3397. — DE MADAME LA MARGRAVE DE BAIREUTH.
Le 19 août.

On ne connaît ses amis que dans le malheur. La lettre que vous m’avez écrite fait bien honneur à votre façon de penser. Je ne saurais vous témoigner combien je suis sensible à votre procédé. Le roi l’est autant que moi. Vous trouverez ci-joint un billet[1] qu’il m’a ordonné de vous remettre. Ce grand homme est toujours le même. Il soutient ses infortunes avec un courage et une fermeté dignes de lui. Il n’a pu transcrire la lettre qu’il vous écrivait. Elle commençait par des vers. Au lieu d’y jeter du sable, il a pris l’encrier, ce qui est cause qu’elle est coupée. Je suis dans un état affreux, et ne survivrai pas à la destruction de ma maison et de ma famille. C’est l’unique consolation qui me reste. Vous aurez de beaux sujets de tragédies à travailler. Ô temps ! ô mœurs ! Vous ferez peut-être verser des larmes par une représentation illusoire, tandis qu’on contemple d’un œil sec les malheurs de toute une maison contre laquelle, dans le fond, on n’a aucune plainte réelle.
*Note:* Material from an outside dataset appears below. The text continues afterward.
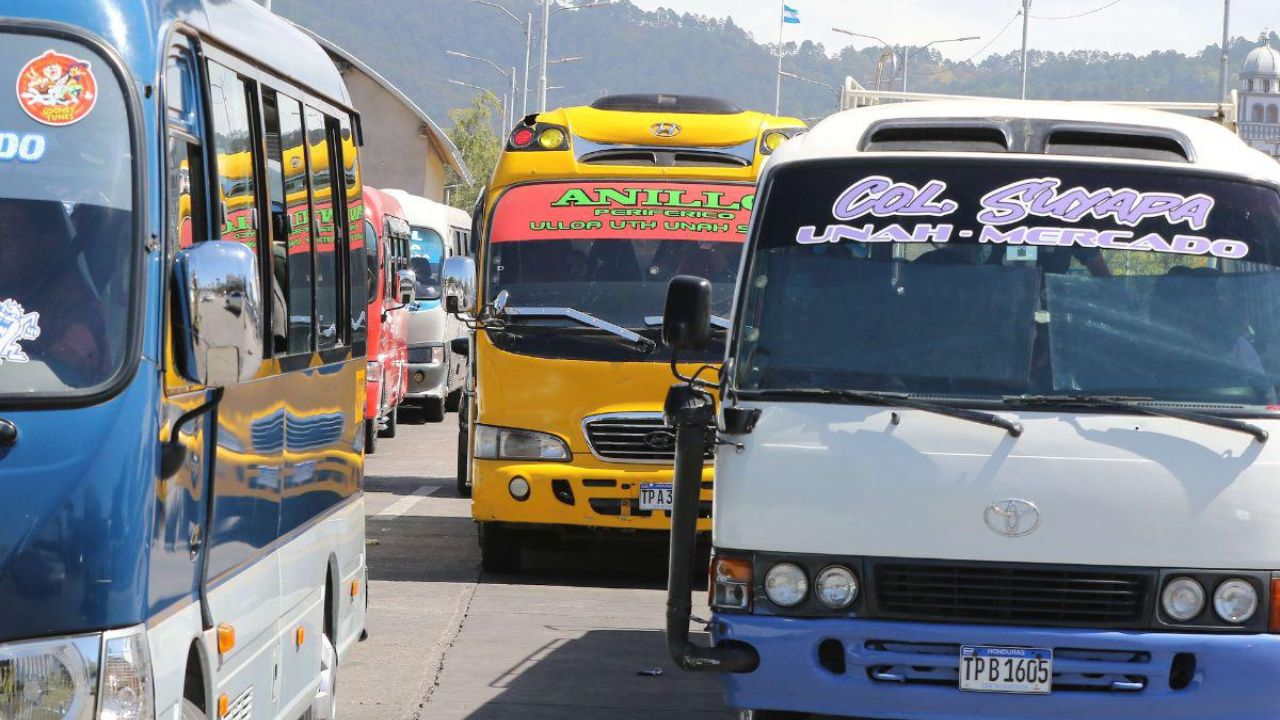 Transportistas temen que incremente la extorsión con posible exigencia de ‘aguinaldo’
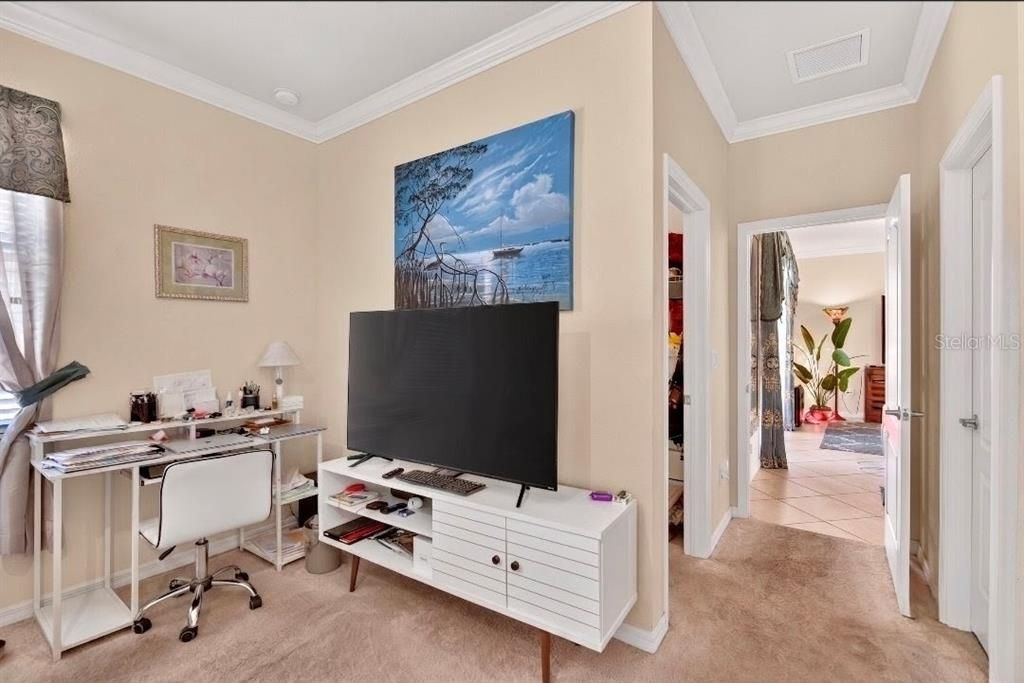 En Venta: $450,000 (4 camas, 3 baños, 2025 Pies cuadrados)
Je ne puis vous en dire davantage ; mon âme est si troublée que je ne sais ce que je fais. Mais, quoi qu’il puisse arriver, soyez persuadé que je suis plus que jamais votre amie.


Wilhelmine.

  1. C’est probablement ce billet dont Voltaire cite une phrase dans le troisième alinéa de la lettre 3413.